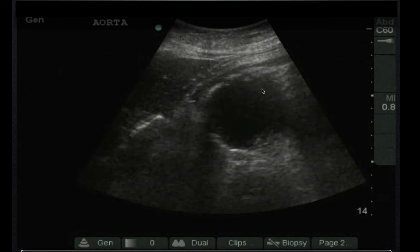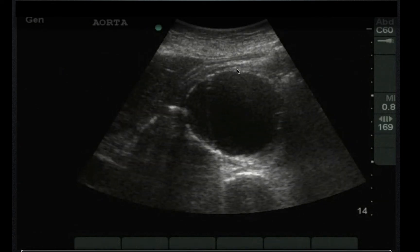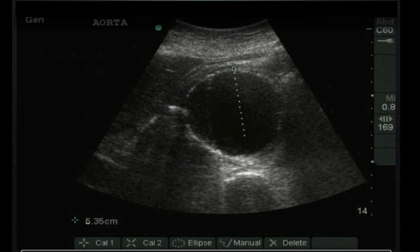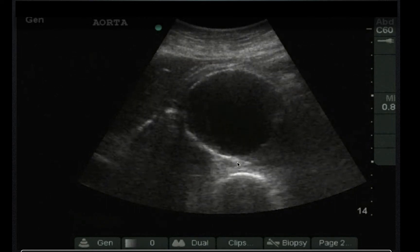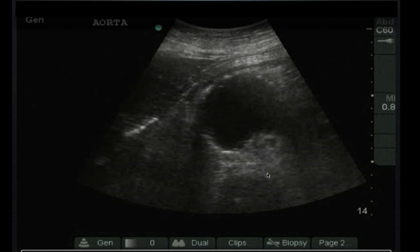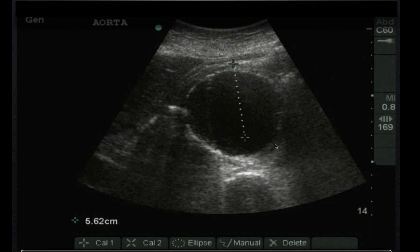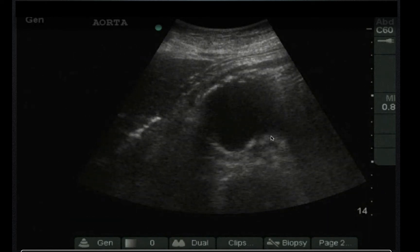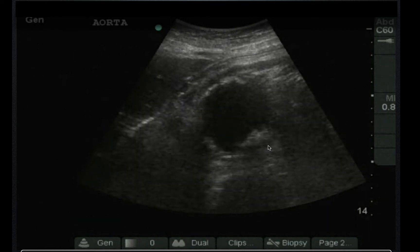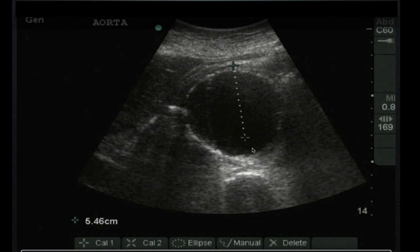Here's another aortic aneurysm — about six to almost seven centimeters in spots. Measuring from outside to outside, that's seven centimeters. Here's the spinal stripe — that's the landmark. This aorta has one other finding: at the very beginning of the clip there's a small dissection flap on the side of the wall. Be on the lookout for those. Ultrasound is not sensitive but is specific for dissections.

...

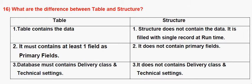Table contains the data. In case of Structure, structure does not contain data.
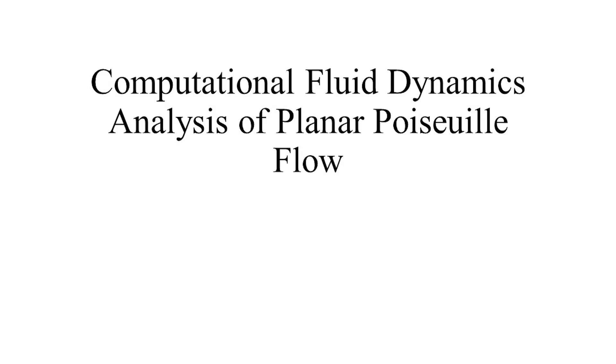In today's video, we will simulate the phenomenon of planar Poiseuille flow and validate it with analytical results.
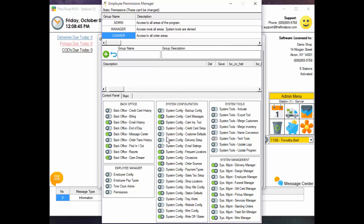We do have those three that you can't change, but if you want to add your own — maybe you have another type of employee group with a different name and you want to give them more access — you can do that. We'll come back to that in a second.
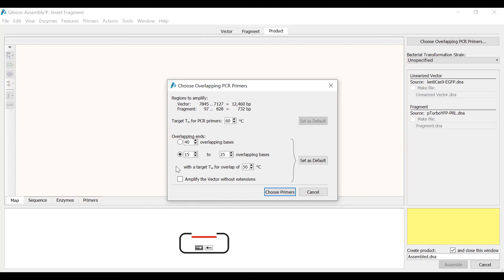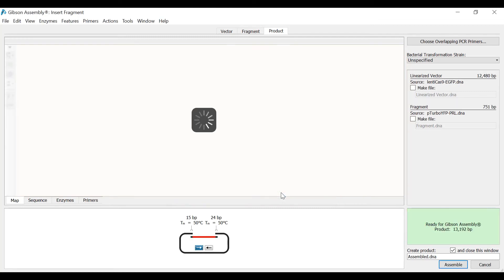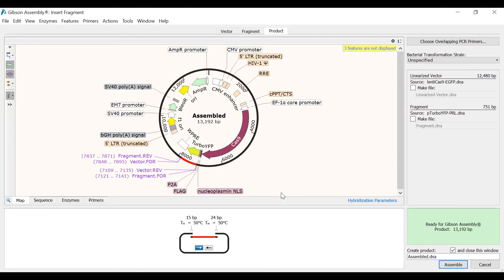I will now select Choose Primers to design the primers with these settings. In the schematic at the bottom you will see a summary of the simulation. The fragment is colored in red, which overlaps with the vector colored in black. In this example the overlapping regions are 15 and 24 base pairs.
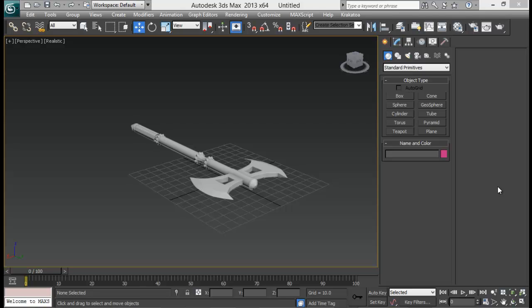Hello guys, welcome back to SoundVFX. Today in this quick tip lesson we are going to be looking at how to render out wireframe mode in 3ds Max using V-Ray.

==

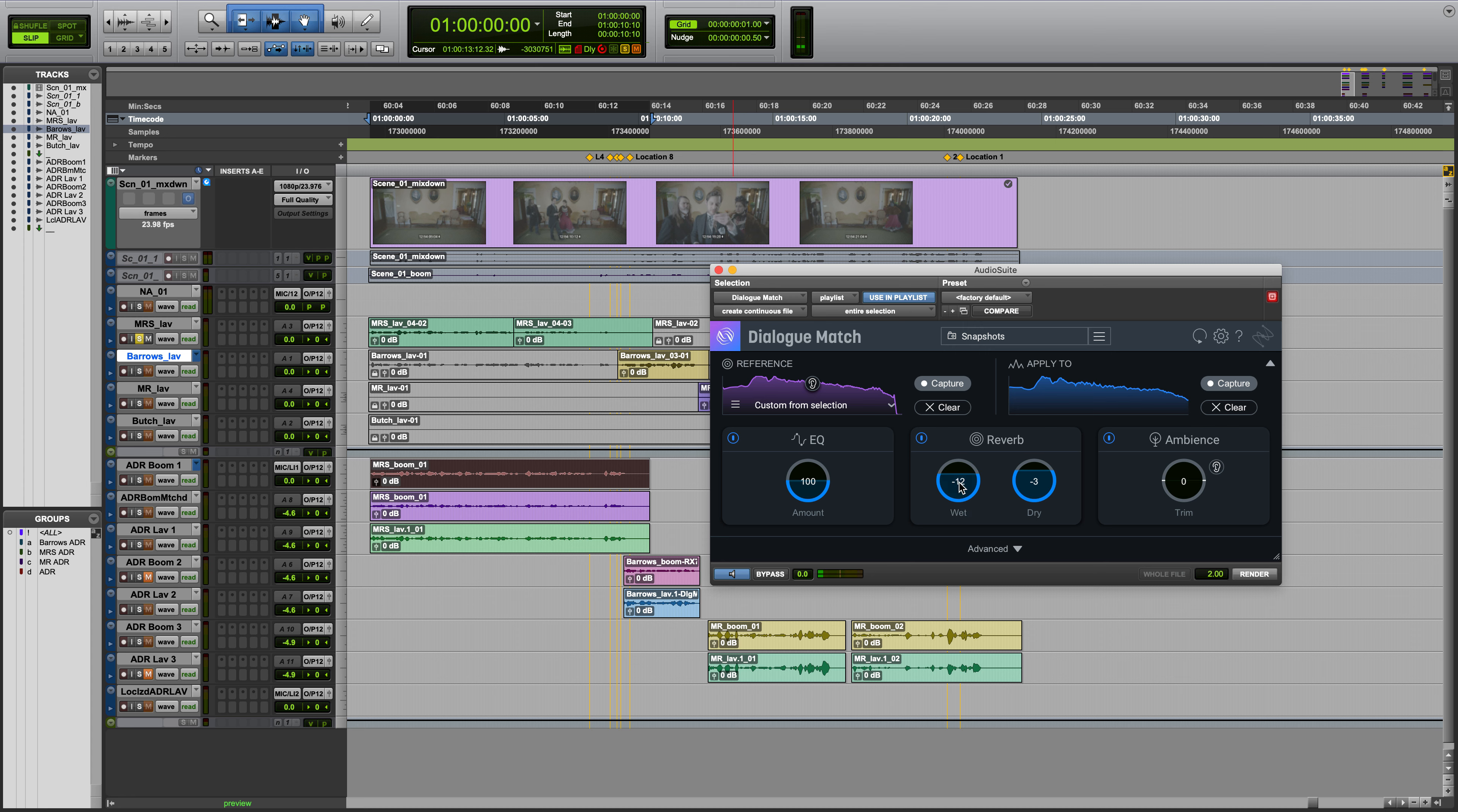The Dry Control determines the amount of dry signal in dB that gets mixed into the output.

# ASSIGNMENT
Which part of the entries opens with the line containing "We do have those" and closes with the line containing "Hello guys, welcome"? Output that part exactly, ends included, pictures excluded.

# EXERCISE RESULT
We do have those three that you can't change, but if you want to add your own — maybe you have another type of employee group with a different name and you want to give them more access — you can do that. We'll come back to that in a second.
I will now select Choose Primers to design the primers with these settings. In the schematic at the bottom you will see a summary of the simulation. The fragment is colored in red, which overlaps with the vector colored in black. In this example the overlapping regions are 15 and 24 base pairs.
Hello guys, welcome back to SoundVFX. Today in this quick tip lesson we are going to be looking at how to render out wireframe mode in 3ds Max using V-Ray.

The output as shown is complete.